- [PROBLEM TO SOLVE] Reproduce, unchanged, the lines between the one holding "Neon Be Kind Women's Cropped T-Shirt" and the last line of the records, including both ends, but no pictures.

== SOURCE MATERIAL ==

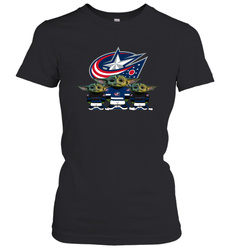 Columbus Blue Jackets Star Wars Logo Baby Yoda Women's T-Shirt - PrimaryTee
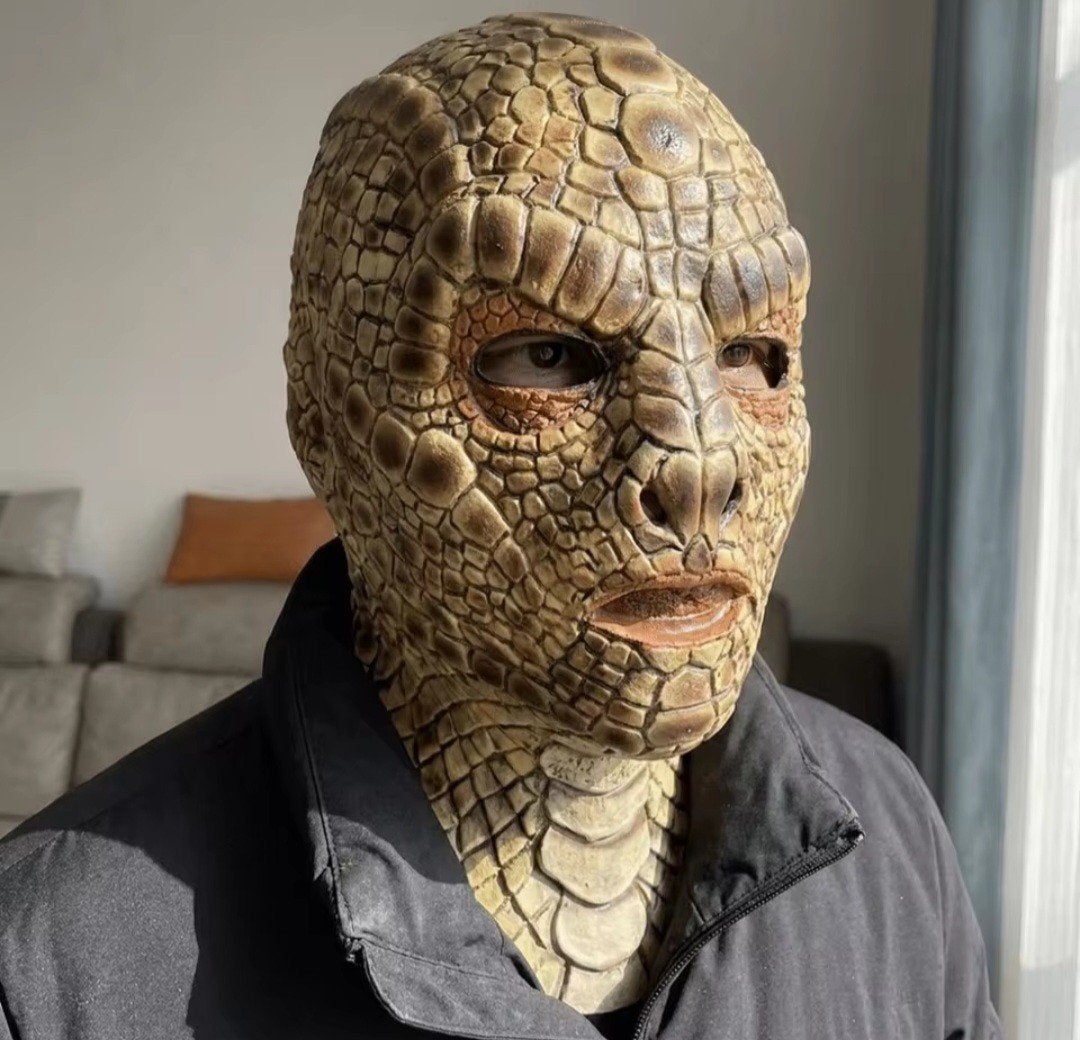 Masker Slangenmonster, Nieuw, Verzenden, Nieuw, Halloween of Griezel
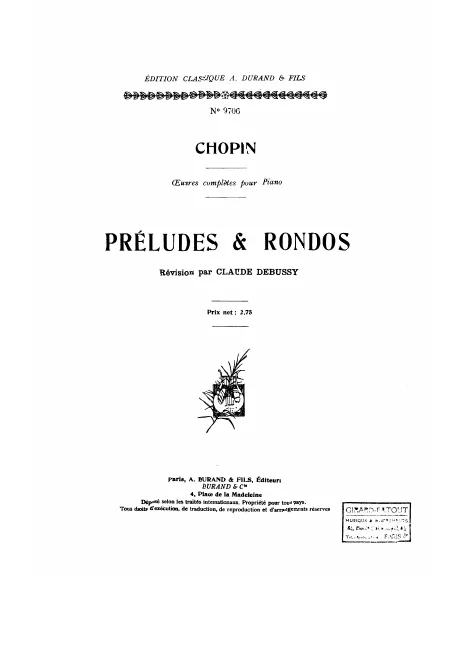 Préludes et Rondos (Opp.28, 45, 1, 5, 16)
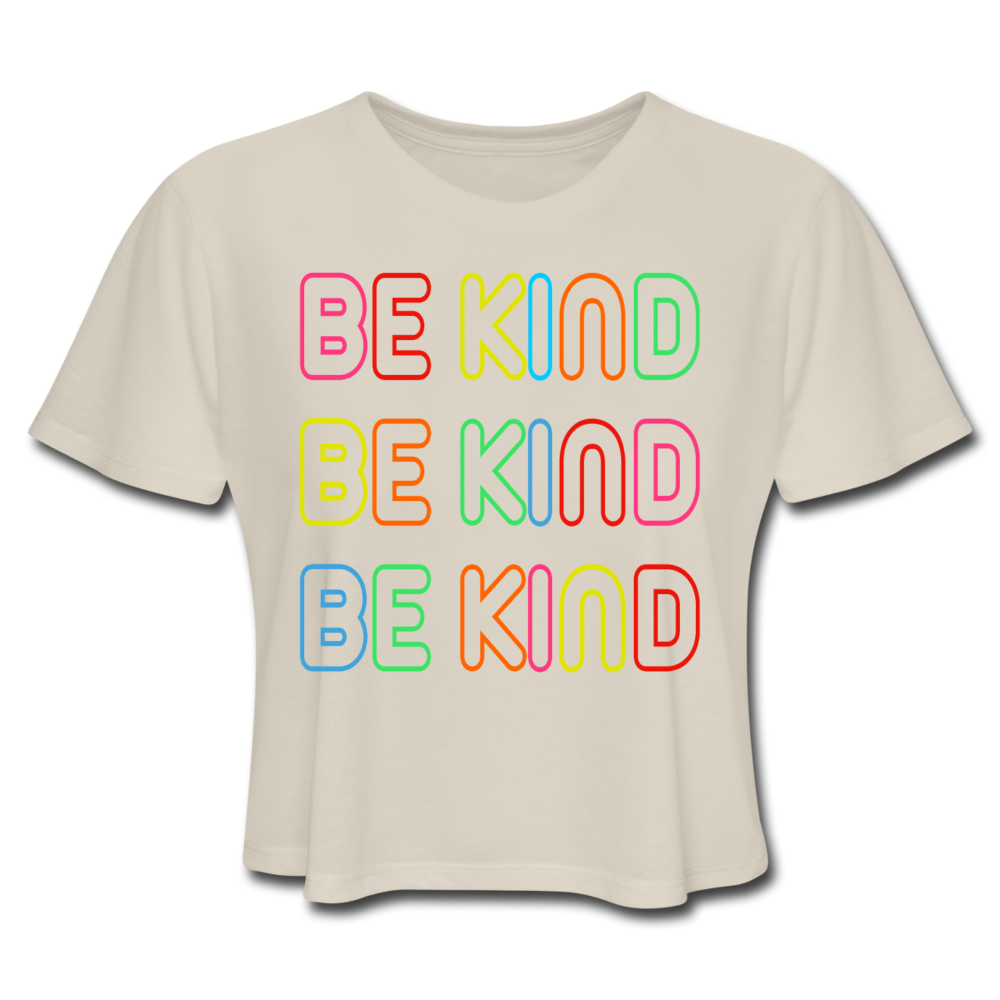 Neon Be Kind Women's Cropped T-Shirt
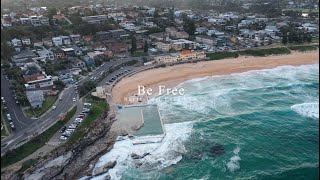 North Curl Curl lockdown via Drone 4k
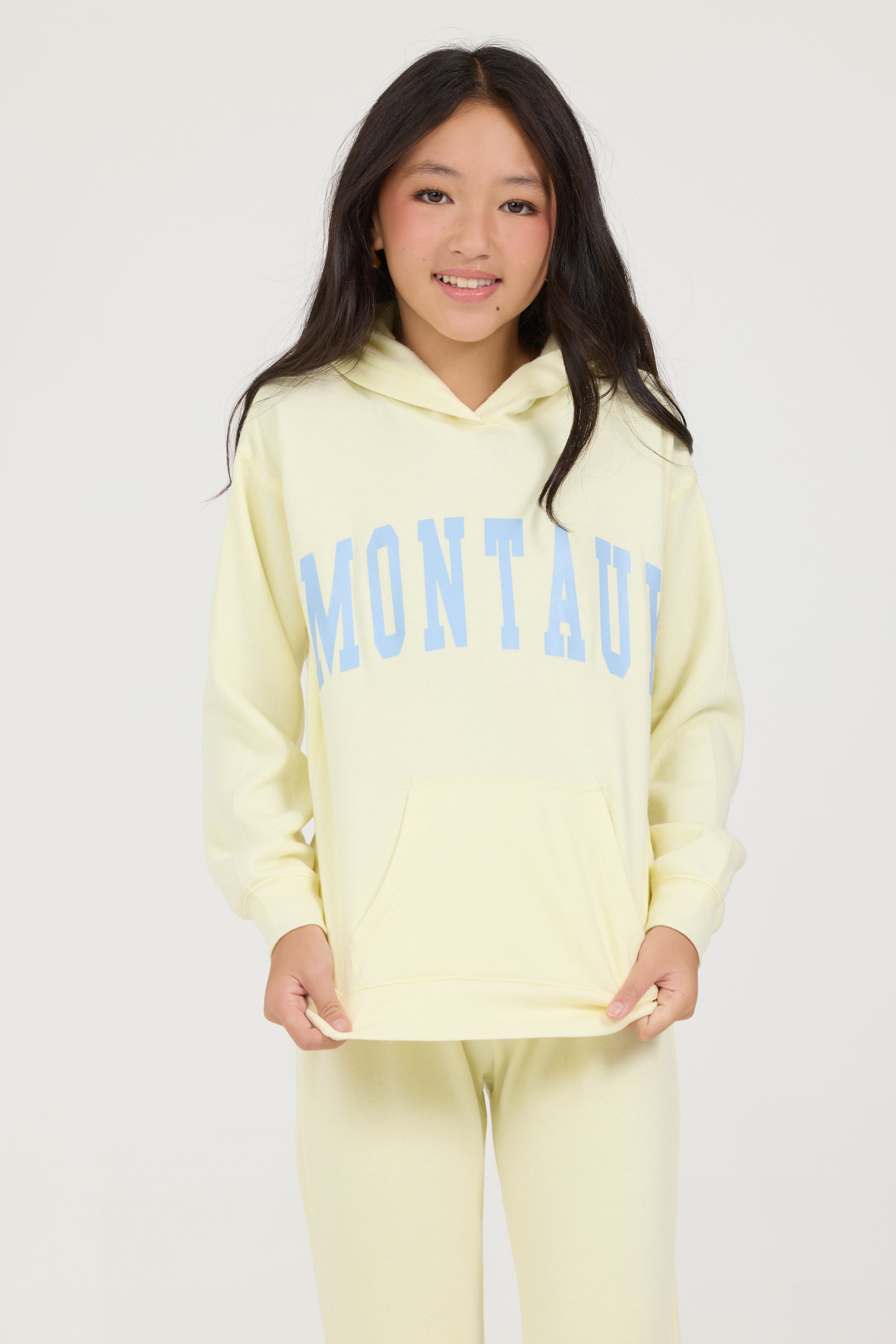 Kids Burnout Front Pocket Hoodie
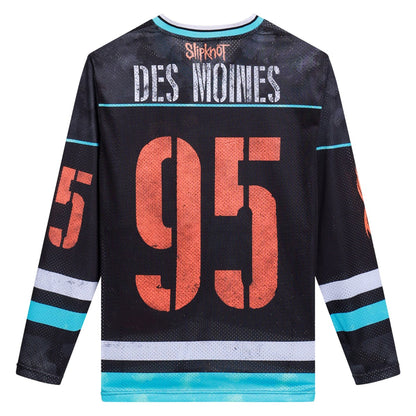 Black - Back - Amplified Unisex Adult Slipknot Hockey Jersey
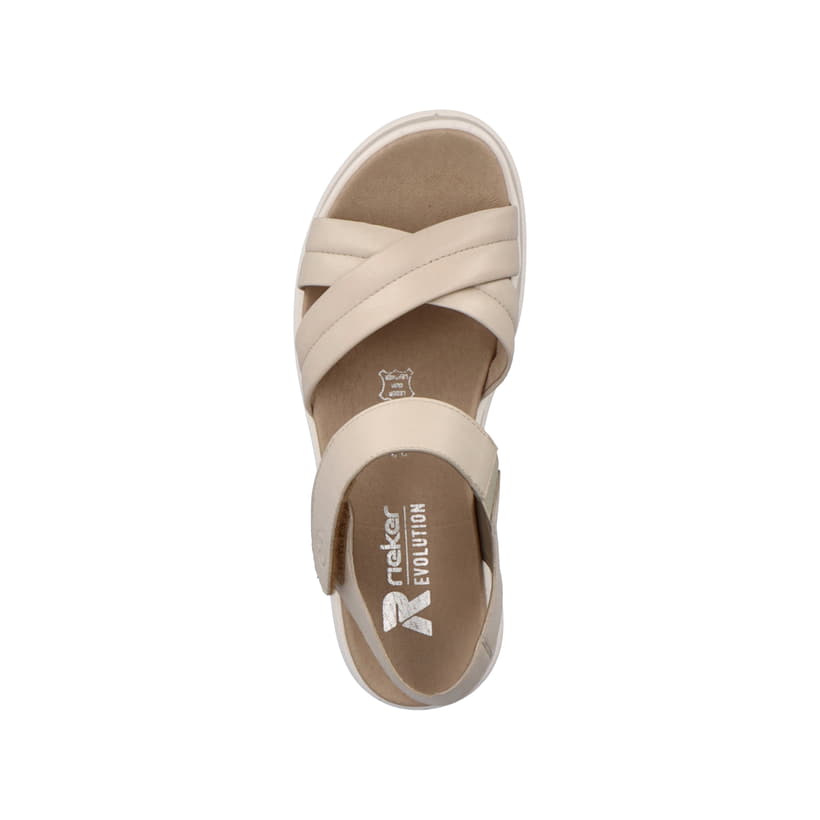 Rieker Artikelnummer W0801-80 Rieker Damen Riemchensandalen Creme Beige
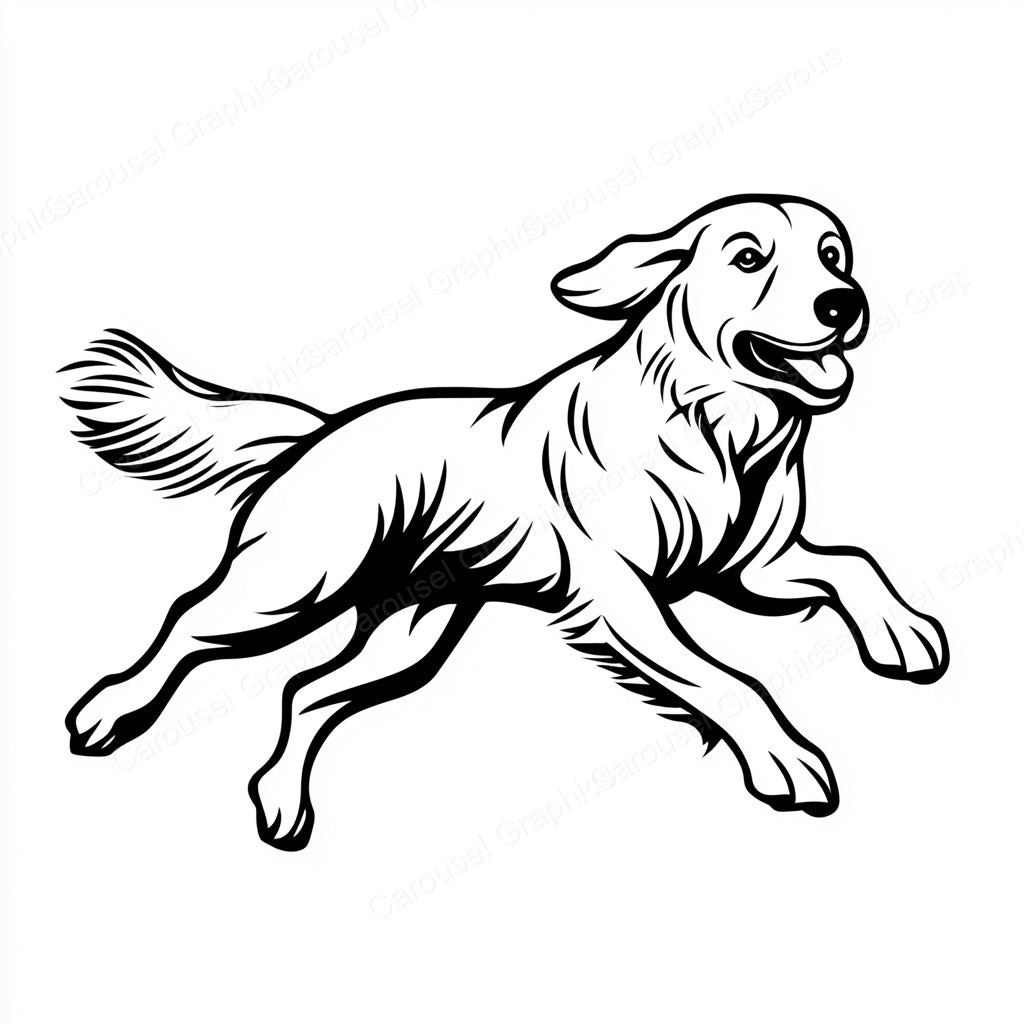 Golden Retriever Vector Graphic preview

===

- [SOLUTION FOR THIS PROBLEM]
 Neon Be Kind Women's Cropped T-Shirt
 North Curl Curl lockdown via Drone 4k
 Kids Burnout Front Pocket Hoodie
 Black - Back - Amplified Unisex Adult Slipknot Hockey Jersey
 Rieker Artikelnummer W0801-80 Rieker Damen Riemchensandalen Creme Beige
 Golden Retriever Vector Graphic preview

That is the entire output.